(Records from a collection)
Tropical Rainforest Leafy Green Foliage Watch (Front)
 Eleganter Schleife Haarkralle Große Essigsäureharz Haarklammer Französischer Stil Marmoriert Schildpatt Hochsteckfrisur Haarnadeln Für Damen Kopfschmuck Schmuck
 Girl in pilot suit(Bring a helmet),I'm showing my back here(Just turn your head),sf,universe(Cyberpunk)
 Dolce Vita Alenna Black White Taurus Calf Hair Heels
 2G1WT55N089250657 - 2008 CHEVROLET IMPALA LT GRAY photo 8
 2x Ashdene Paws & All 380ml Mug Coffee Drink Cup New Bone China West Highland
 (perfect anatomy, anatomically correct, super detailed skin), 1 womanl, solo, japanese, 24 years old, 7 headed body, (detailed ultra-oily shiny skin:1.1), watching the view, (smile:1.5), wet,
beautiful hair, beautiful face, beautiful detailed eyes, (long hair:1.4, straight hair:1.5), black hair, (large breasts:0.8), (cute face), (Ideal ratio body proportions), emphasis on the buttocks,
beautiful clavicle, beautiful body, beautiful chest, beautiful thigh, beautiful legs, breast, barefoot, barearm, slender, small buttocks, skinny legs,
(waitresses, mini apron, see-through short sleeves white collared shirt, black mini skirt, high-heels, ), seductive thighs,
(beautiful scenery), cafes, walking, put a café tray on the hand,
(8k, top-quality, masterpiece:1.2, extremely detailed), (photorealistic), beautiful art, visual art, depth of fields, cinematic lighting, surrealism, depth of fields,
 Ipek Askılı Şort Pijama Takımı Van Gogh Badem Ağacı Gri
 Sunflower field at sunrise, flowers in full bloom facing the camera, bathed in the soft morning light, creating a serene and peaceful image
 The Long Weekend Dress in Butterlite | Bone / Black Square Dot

### GOAL OF THE EXERCISE
Output the entries above exactly, please, with nothing dropped.

### RESPONSE TO THE EXERCISE
Tropical Rainforest Leafy Green Foliage Watch (Front)
 Eleganter Schleife Haarkralle Große Essigsäureharz Haarklammer Französischer Stil Marmoriert Schildpatt Hochsteckfrisur Haarnadeln Für Damen Kopfschmuck Schmuck
 Girl in pilot suit(Bring a helmet),I'm showing my back here(Just turn your head),sf,universe(Cyberpunk)
 Dolce Vita Alenna Black White Taurus Calf Hair Heels
 2G1WT55N089250657 - 2008 CHEVROLET IMPALA LT GRAY photo 8
 2x Ashdene Paws & All 380ml Mug Coffee Drink Cup New Bone China West Highland
 (perfect anatomy, anatomically correct, super detailed skin), 1 womanl, solo, japanese, 24 years old, 7 headed body, (detailed ultra-oily shiny skin:1.1), watching the view, (smile:1.5), wet,
beautiful hair, beautiful face, beautiful detailed eyes, (long hair:1.4, straight hair:1.5), black hair, (large breasts:0.8), (cute face), (Ideal ratio body proportions), emphasis on the buttocks,
beautiful clavicle, beautiful body, beautiful chest, beautiful thigh, beautiful legs, breast, barefoot, barearm, slender, small buttocks, skinny legs,
(waitresses, mini apron, see-through short sleeves white collared shirt, black mini skirt, high-heels, ), seductive thighs,
(beautiful scenery), cafes, walking, put a café tray on the hand,
(8k, top-quality, masterpiece:1.2, extremely detailed), (photorealistic), beautiful art, visual art, depth of fields, cinematic lighting, surrealism, depth of fields,
 Ipek Askılı Şort Pijama Takımı Van Gogh Badem Ağacı Gri
 Sunflower field at sunrise, flowers in full bloom facing the camera, bathed in the soft morning light, creating a serene and peaceful image
 The Long Weekend Dress in Butterlite | Bone / Black Square Dot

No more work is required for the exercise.